Davis ready to step up to plate of high expectations

April 05, 1991|By Jim Henneman | Jim Henneman,Evening Sun Staff

FORT LAUDERDALE, Fla. -- He has seen the predictions. And he has heard of the expectations. But more than anything else, right now, Glenn Davis knows about the anticipation.

New season. New league. New team. New city.

"I'm looking forward to my new home," said the slugging first baseman many say will help change the image of the Orioles. "Until now my concentration has been geared toward getting ready for the season.

"But once I'm on that plane [to Baltimore], all I'll be looking forward to is Monday. It's going to be a day for me to remember. The adrenalin will be flowing and I'll have to work to try and key down."

Davis said that any apprehension he may have had about his trade from Houston to Baltimore is behind him. "My feelings now are more of anticipation -- not really knowing what it's like.

"This will be more fans than I've ever played before on Opening Day and I'll be anxious to greet them with a good performance. It's going to be exciting. I'm looking forward to taking batting practice there for the first time at Memorial Stadium."

His new home field isn't the only park Davis is looking forward to seeing. He's anxious to experience firsthand the feeling that has caused others to predict monstrous things for the Orioles' new slugger.

"He was the best No. 4 hitter in the National League," said Ray Miller, former pitching coach for the Orioles, manager for the Minnesota Twins and currently the pitching coach at Pittsburgh.

"Playing in Baltimore, instead of the Astrodome, and in the other parks in the American League he'll hit 40, maybe 50 home runs and please quote me on that," said Miller. "The guy killed us -- and we tried to pitch around him every time. The people in Baltimore are going to love him, he plays the game hard, and he's going to help everybody in that lineup."

Chuck Tanner, who managed Pittsburgh and Atlanta in the National League, echoes Miller's sentiments. "He's a great hitter, a legitimate superstar," said Tanner. "When he gets hot, you just hold on and he'll take you along with him. I guarantee you he'll hit 30 to 40 home runs over there."

Baltimorean Ron Hansen, now scouting for the Yankees and a former coach with the Montreal Expos, has watched Davis throughout his National League career. "I think he'll hit 40 [home runs]," said Hansen, "but the big thing he's going to do is get Cal [Ripken] a lot more good pitches to hit. And he [Davis] should benefit too because he'll be hitting in a better lineup."

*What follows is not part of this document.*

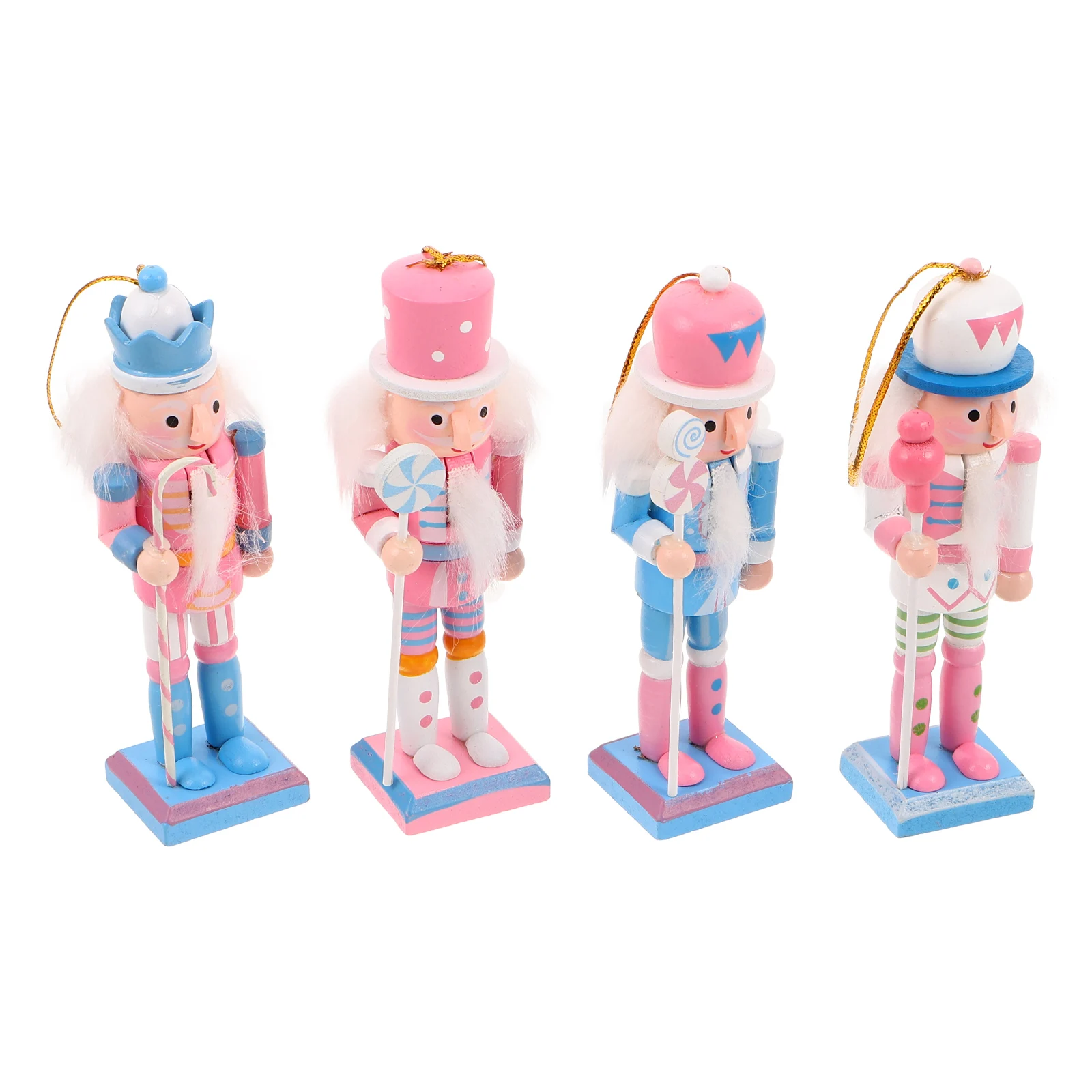 

4Pcs Nutcracker Hanging Ornaments Wooden Nutcracker Soldiers Christmas Tree Table Mantel Decorations Nutcrackers Figures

The lavish predictions, plus the expectations he's created in Baltimore, would seem to have placed an unfair burden on Davis. But he doesn't seem to be affected, and in fact points out that the lineup could help him as much as he helps the Orioles.

"I'm aware of those things [predictions]," said Davis. "For the most part I take them with a grain of salt. I wonder, 'How do they know?'

"But," he admitted, "sometimes I say to myself: 'Can I?' "

While the possibilities intrigue Davis, he tries to keep them in perspective.

"You can't try to go off predictions," he said. "You can't try to do what people say you'll do just to live up to expectations.

"I'm the kind of person where things have to be tangible. I've got to experience the feeling of these other parks. I've never even seen them yet. I saw the California park at the All-Star Game, but that's it.

"The only time I've seen Memorial Stadium was right after the trade -- and it was covered with ice then."

Davis says his approach will be to make his home runs, how ever many there are, count the most. "I've always said I'd rather hit 20 with a couple men on base than hit 50 with the bases empty," he said.

Although he's only played 17 exhibition games with the Orioles, Davis said he's already noticed a difference in how pitchers pitch to him. "This is only spring training, but I should get more pitches to hit," said Davis. "And I've noticed that when I get on base the guys behind me are driving me in or moving me over.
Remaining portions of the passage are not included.